There is a lot of archaeological evidence pointing to MUCH older origins for humans in North and South America than a Bering Strait crossing supports.
Who's right? The archaeologists? Was man here as far back as 50,000 years ago, 30,000 years ago or 14,000 years ago? Archaeologists claim evidence of human occupation for each of these dates - and dates in-between. For sake of argument, are all of the artifacts identified as Clovis, a particular style of artifact and date-range well-established and generally accepted in the archaeological community as correct, WRONG by 3,000 or more years?
Or are the DNA scientists correct, pointing to a single population cross Bering Strait 11,000-10,000 years ago as being the ONLY ancestors of ALL Indian populations in North, Central and South America?
Did absolutely everyone who arrived on the shores of North, Central and South America before those who crossed the Bering Strait die out, leaving absolutely no trace of their DNA in today's Indian populations? How else can the archaeological evidence be explained? Are ALL of the archaeologists and ALL of their accumulated evidence wrong?
If archaeological evidence supports the existence of settlers in North and South America that predate DNA evidence for the ancestors of the current Native Americans, then aren't the descendants of those earlier deceased original settlers the REAL heirs to claims for rights to North, Central and South American real estate, etc. etc.? And would not the claims of the heirs of those earlier settlers trump the claims asserted by present Native American tribes claiming sovereignty and property rights, etc. etc. in North, Central and South America?

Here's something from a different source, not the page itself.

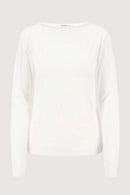 Zusss - Lange Mouw Boothals Top - Gebroken wit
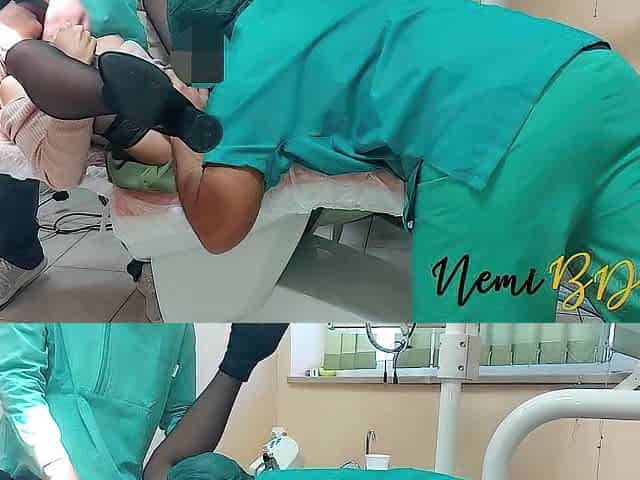 The services of the dentist and his assistant give a glamorous smile to the youthful and mad patient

If DNA evidence conclusively establishes that today's Native Americans became the dominant aborginal culture - rather like Europeans became the dominate culture during much later migrations to the New World, how can today's Indian tribes, aboriginals, First Nations, whatever they label themselves, claim special privilege when the DNA evidence shows, against the archaeological evidence, that when they arrived they MUST have wiped out all earlier settlers? Under common law, which the United States follows, wouldn't those inheritance rights pass to the ancestors of the first settlers who arrived on those shores?
And just who were those first settlers? Some say they were Europeans (on the east coast); on the west coast, some say they were possibly of the Jomon culture, from Japan. Given the current state of archaeological evidence, and if this latest study of DNA evidence is correct, today's Native Americans have no right to say they were here first. It's clear they were not here first. What remains to be determined is just who was here first.
Will it end up that Japan - or France - or Spain - files a claim to large chunks of the United States?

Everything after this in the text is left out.